Willy Demeyer 2018> What are the challenges and issues linked to radicalisation in Liege? 

Willy Demeyer : Even though Liege has not been as affected by radicalisation as other Belgian and European cities, we’ve had youngsters leaving the city to join Jihadist groups such as Daesh and the Al-Nosra Front, which means we now have to manage the problem of the returnees.

Also, Liege was the target of a terrorist attack in May 2018 in which three people were killed, including two female police officers, for which Daesh claimed responsibility.

Furthermore, a radical ideology calling for violence is being disseminated in our neighbourhoods through Internet, targeting especially the young. It is fed by conspiracy theories but also by the international, geo-political context on which City Hall has no power.

All this means that the main challenges for a local authority such as ours are first and foremost to preserve security and protect the population against any attack while also preserving social cohesion, which is perhaps more fragile given the current context. We must guarantee quality of life for all and respect for our democratic values.


> What concrete actions have you implemented regarding radicalism?

We created a position of “Consultant on the prevention of radicalism” as early as October 2014. This person is responsible for implementing and developing a large partnership with all relevant stakeholders in social services, youth services, intercultural initiatives and law enforcement agencies. He also designs, with me, our local prevention strategy and actions.

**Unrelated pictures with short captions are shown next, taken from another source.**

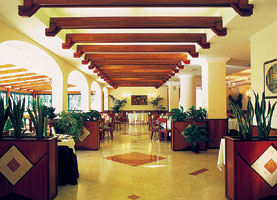 Hotel en POZZUOLI SOLFATARA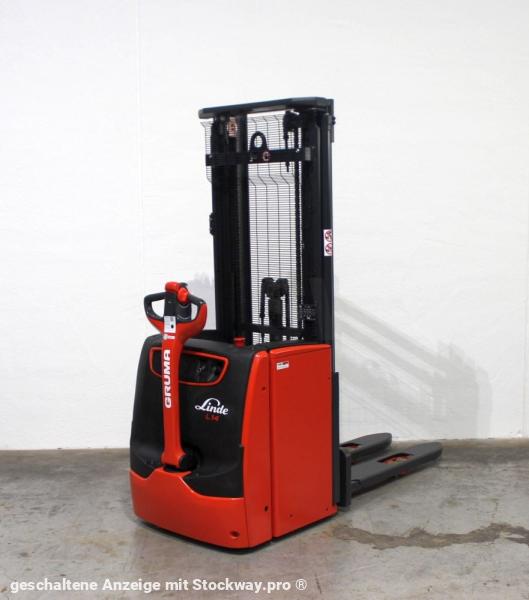 Linde L 14 1173 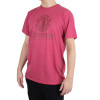 Camiseta Element Vertical - Rosa2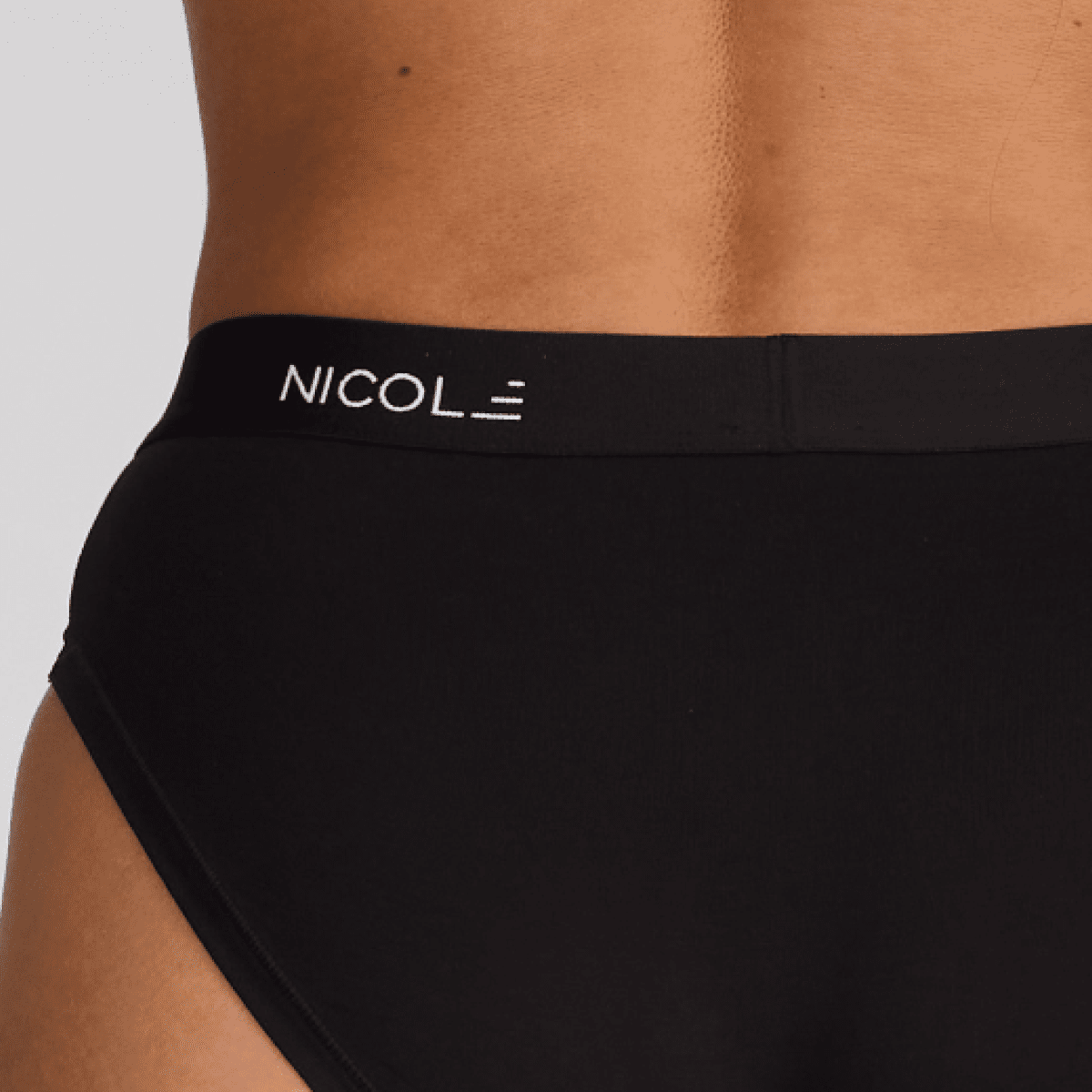 Women's Bikini Brief - Nicole - Bamboo Underwear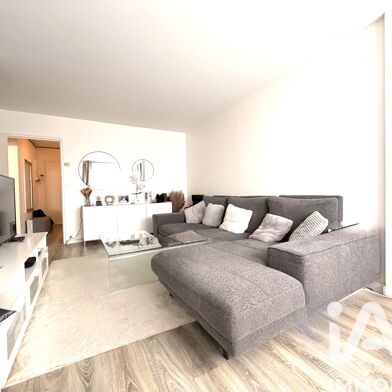 Appartement 2 pièces 185000 €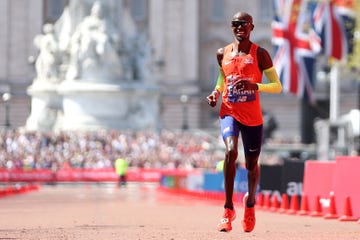 athletics gbr marathon
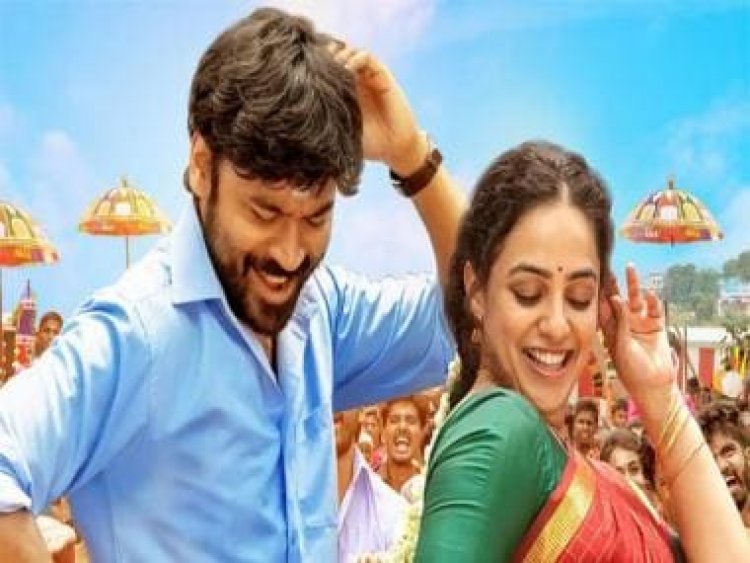 Thiruchitrambalam movie review: Dhanush-starrer is a soft and sensitive portrayal of overcoming trauma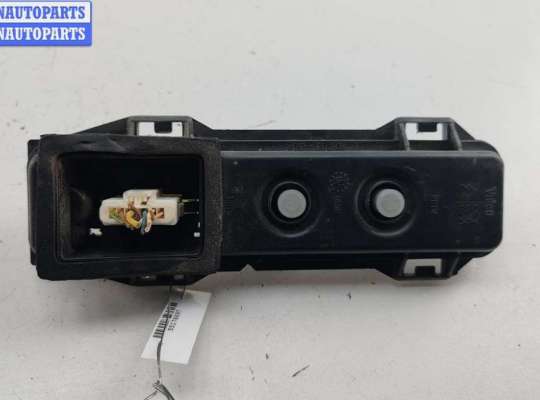 купить Плата фонаря заднего левого на Peugeot 307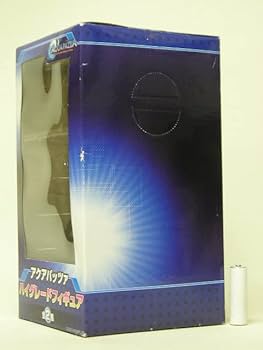 Amazon | セガ アクアパッツァ ハイグレードフィギュア 緒方理奈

A number of educational activities for young people have been put in place in the past few years:

  • communication tools have been created, in particular an animation film titled Toru, which was made by youngsters with the objective of countering manipulation by extremist movements;
  • a theatre play, Nadia, was created through a partnership with the theatre of Liege, under the supervision of experts from the University and the Liege Integration Centre (Centre d’intégration liégeois, Cripel). It has been seen by 3,000 students;
  • a new “citizen sport” initiative will soon be launched in amateur sport clubs to counter social polarisation and promote peaceful coexistence.

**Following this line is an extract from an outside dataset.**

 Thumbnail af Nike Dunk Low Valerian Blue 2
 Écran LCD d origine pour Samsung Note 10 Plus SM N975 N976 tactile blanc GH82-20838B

We also organise awareness activities for the public at large, for example a film followed by a discussion with the mother of a Jihadist, or what we call “political café” sessions on conspiracy theories. We do this in cooperation with lifelong education organisations. We are lucky in Liege to have a dense and dynamic network of youth centres and cultural associations.


> Do you have programmes for the management of young radicals and their family?

Indeed, this is a challenge for a local authority like us to support and care for youngsters who are radicalising, as well as their family. There is a very interesting experience being led at the moment together with the department of psychology of crime of the University of Liege, which seeks to create a methodology for psychological and social support as part of a research-action called “Psyrad”.

Also, upon a request from the federal government, we created in Liege a Local Integral Security Unit (Cellule de sécurité intégrale locale, CSIL). Coordinated by the mayor, this unit gathers representatives from the prevention services and the police and examines and manages radicalisation cases.


> Liege was a partner in the Efus-led LIAISE project (local institutions against extremism). What actions did you carry out as part of LIAISE? 

Given the complexity of the issue of radicalisation, it is indeed very useful to be part of an international network exchanging knowledge and practices on how to counter locally this phenomenon which has a global dimension.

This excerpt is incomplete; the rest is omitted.